United Kingdom Sibelius, Saariaho, Rautavaara: Adam Walker (flute), BBC Philharmonic / Carlos Miguel Prieto (conductor), MediaCityUK, Salford Quays, 9.12.2015. (RB)
Jean Sibelius: Lemminkainen and the Maidens of the Island; Lemminkainen’s Return
Kaija Saariaho: Aile du songe for flute and orchestra (2001)
Einojuhani Rautavaara: Symphony No. 7 Angel of Light (1994)
For this listener Sibelius 150 has been a lavish year for Sibelius concerts and if the BBC have anything to do with it the celebrations will continue over into 2016. A good thing too. This BBC Philharmonic studio concert was broadcast live on BBC Radio 3 apart from Lemminkainen’s Return which was recorded for future use. It formed part of the BBC’s extended Northern Lights season which begins just as their great Sibelius year ends.
It also served to bring me to a concert directed by the very same Mexican conductor, Carlos Miguel Prieto, who presided over two very fine concerts with the Royal Liverpool Philharmonic in April 2015 (review review). Prieto has been a pupil of Jorge Mester – he of Louisville fame – and of Charles Bruck, best known for his connection with ORTF. He has been music director of Orquesta Sinfónica Nacional de México since 2007 and has gradually been making an admirable professional and personable reputation for himself across the world.
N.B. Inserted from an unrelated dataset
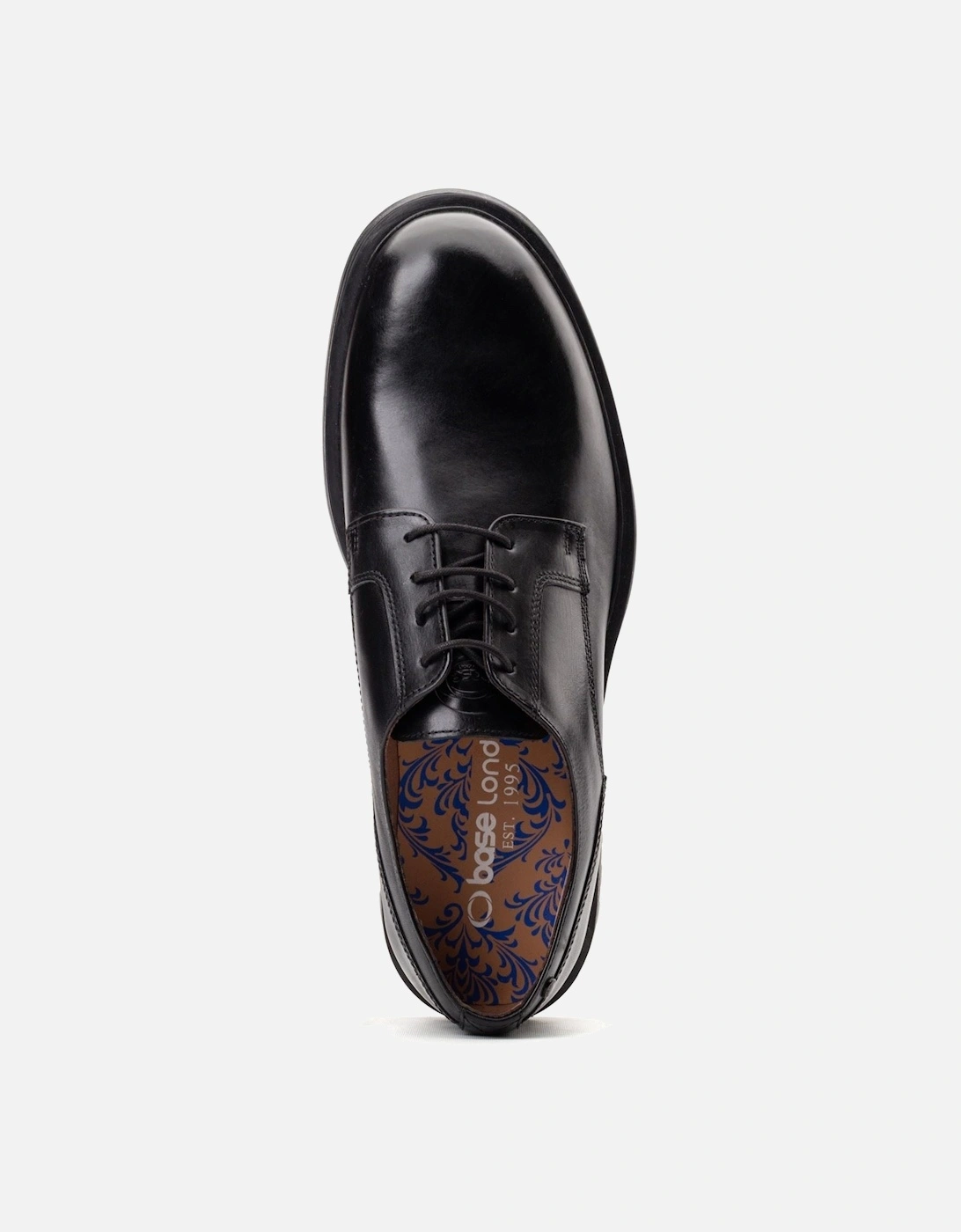 London Locke Leather Men's Black Lace-Up Shoes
Orchestras and audiences like him – at least that has been my experience. It seems that he has quite a discography, although I do not recall hearing any of his recordings (yet). They include a 12-DVD set of the Mahler symphonies and a Naxos Korngold Violin Concerto with Philippe Quint. Nick Barnard reviewed his Cedille disc of the Chavez Piano Concerto for Musicweb International in 2013.
The concert programme avoided the hackneyed. Even the Sibelius Lemminkainen pair were the first and last of the four tone poems. The first, which I last heard when Paavo Berglund, then very ill and having to be helped onto the stage, conducted it with languorous results in Brighton in 2005, was here notable for contrasting virtues: kinetic drive and precisely terraced dynamics. The latter was especially apparent at the start where the chafing and rocking violin figuration descanted with the chirping woodwind. While much is made of the Kalevala plotline and the work’s origins in a never-realised Kalevala opera, like all good programme music the storyline can be safely forgotten. The music sang, rippled, bristled and flowed in this composer’s best romantic-nationalist idiom. This was a shivering and foot-tapping reading which achieved a nice equipoise of control and delirium.
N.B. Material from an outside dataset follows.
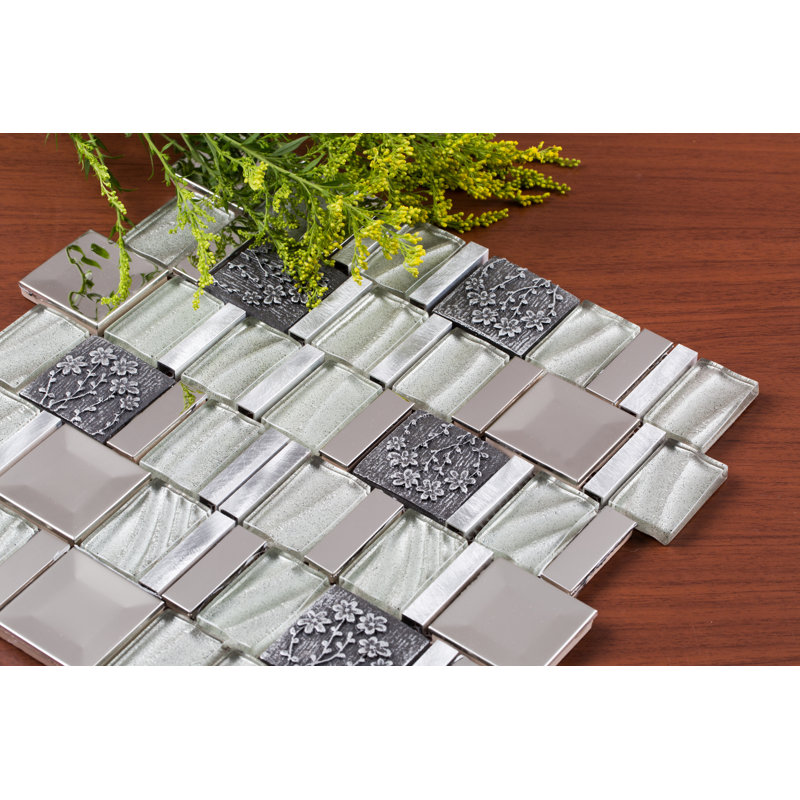 Carrelage mosaïque en métal Vitray, Argent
The Saariaho turned out in effect to be a flute concerto in what amounted to a slow-fast-slow pattern across two movements: Aérienne and Terrestre. It was given voice by the verse of French poet-diplomat, Saint-John Perse (1887-1975), hence the title, Aile du songe. Perse has inspired Saariaho before in Laconisme de l’aile (1981). She writes of Perse’s descriptions of bird-flight mingled with avian-mystical imagery. The brilliantly gifted Adam Walker, LSO principal since 2009, is a grateful soloist in both senses and in this fairly modern score he meets a composer “very familiar with the flute … [and who likes the sound] … in which breathing is ever present.” The orchestra is minus woodwind and brass but otherwise sports a very active yet delicate percussion section including xylophone and marimba (I think). The music has a dreamy jungle-sultry ambience that constantly brims and occasionally erupts yet never congeals. The solo flute part encompasses a wide vocabulary including words or fragments of words blown into the flute alongside slightly more conventional lyrical paragraphs. At one point one of the conductor’s lavish arm gestures hit the soloist’s music-stand and scattered score pages. The timpanist and principal cello without a fluster filled the gap around a sustained note for long seconds while Walker and Prieto gathered up the pages and placed them back in order. Those listening to the broadcast – except perhaps the composer – would never have known; true professionalism. The music has an oneiric spell comparable with Silvestrov’s Fifth Symphony though more diaphanous and with that of Escher’s Hymne du Grand Meaulnes.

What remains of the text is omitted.